Consideration of all of the above measures of resolution suggests that we may regard the central ±12 km of the V_p model (i.e. the central and northern TgVC) down to the 9 km depth layer as well-resolved. Amplitudes in this part of the model are reasonably reliable except in one or two isolated parts of the near-surface where slight overestimation is possible. Resolution in the 12-km-depth layer is best described as fair with significant smearing and underestimated amplitudes likely.

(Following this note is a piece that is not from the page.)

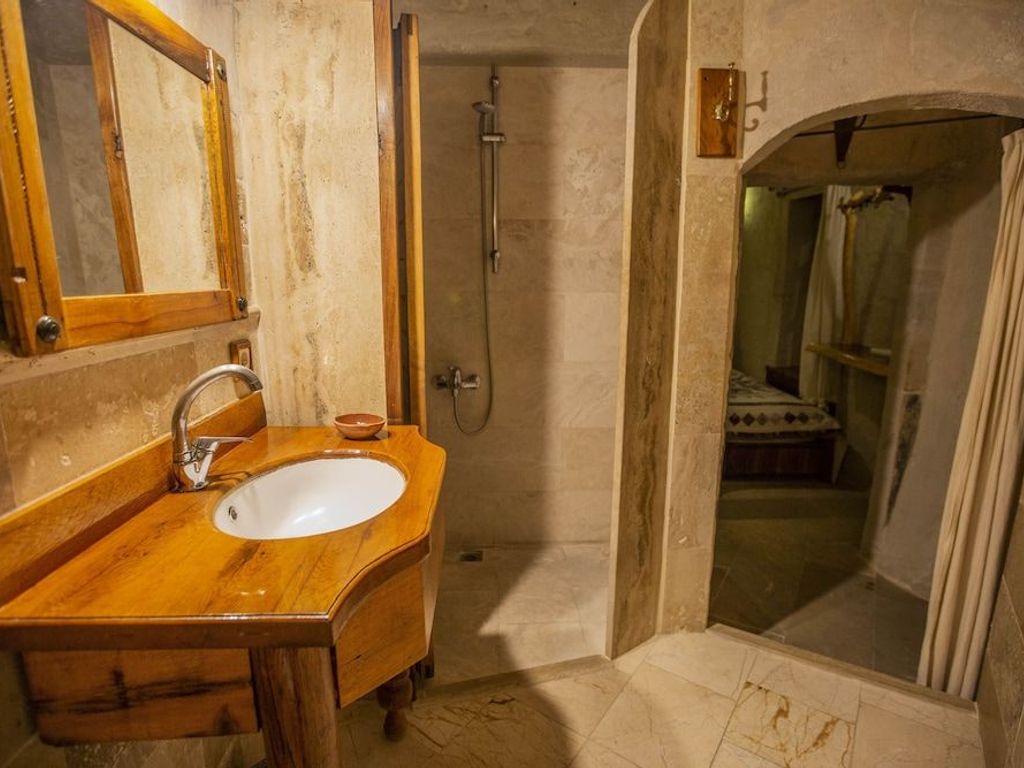 Koza Cave Hotel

Assessment of the resolution of the V_p/V_s model was made in the same way as for V_p. Initially the spread function values, the DWS and a simple chequerboard test (Fig. 6) indicated reasonably good resolution. However, analysis of resolution contours and poor recovery of spike sensitivity and characteristic models revealed a high degree of smearing. The resolution of the V_p/V_s model is, therefore, considered to be fair at best. This is due to several factors including the lower number of S—P ray pairs, the higher uncertainty in S picks and the lower number of stations used. The V_p/V_s model is accordingly omitted from the interpretation.

3 Results

D V_p structure

Two prominent low-velocity volumes are observed in the V_p model beneath Ruapehu and Ngauruhoe volcanoes (Figs 7 and 8). The Ngauruhoe low-velocity volume (Profile 4, Fig. 8) appears to be centred on the volcanic vent and diminishes in magnitude between the 6 km (△V_p = −9 per cent) and 9-km-depth layers. In contrast the Ruapehu low-velocity volume (Profile 2, Fig. 8) appears to be asymmetric, with a steep western edge beneath the presently active Crater Lake vent on the summit and a gently sloping eastern edge underlying the eastern flank of the volcano. This apparent asymmetry may however, be partly a consequence of lower resolution beneath the western flank of Ruapehu (note the lack of crossing rays in this area in Fig. 4). The low-velocity volume reaches a magnitude of −8 per cent in the 6-km-depth layer and decays to −3 per cent in the 9-km-depth layer.

Smaller low-velocity volumes are observed beneath the active Tongariro volcano and the extinct vents at Tama Lakes (Figs 7 and 8). At Tongariro the low-velocity volume is strong (−9 per cent) at 3 km depth but disappears by around 5 – 7 km depth (Profile 5, Fig. 8). A less pronounced, 15 km broad low-velocity volume is observed beneath Tama Lakes, again starting at around 3 km depth and petering out at 5 km depth (Profile 3, Fig. 8).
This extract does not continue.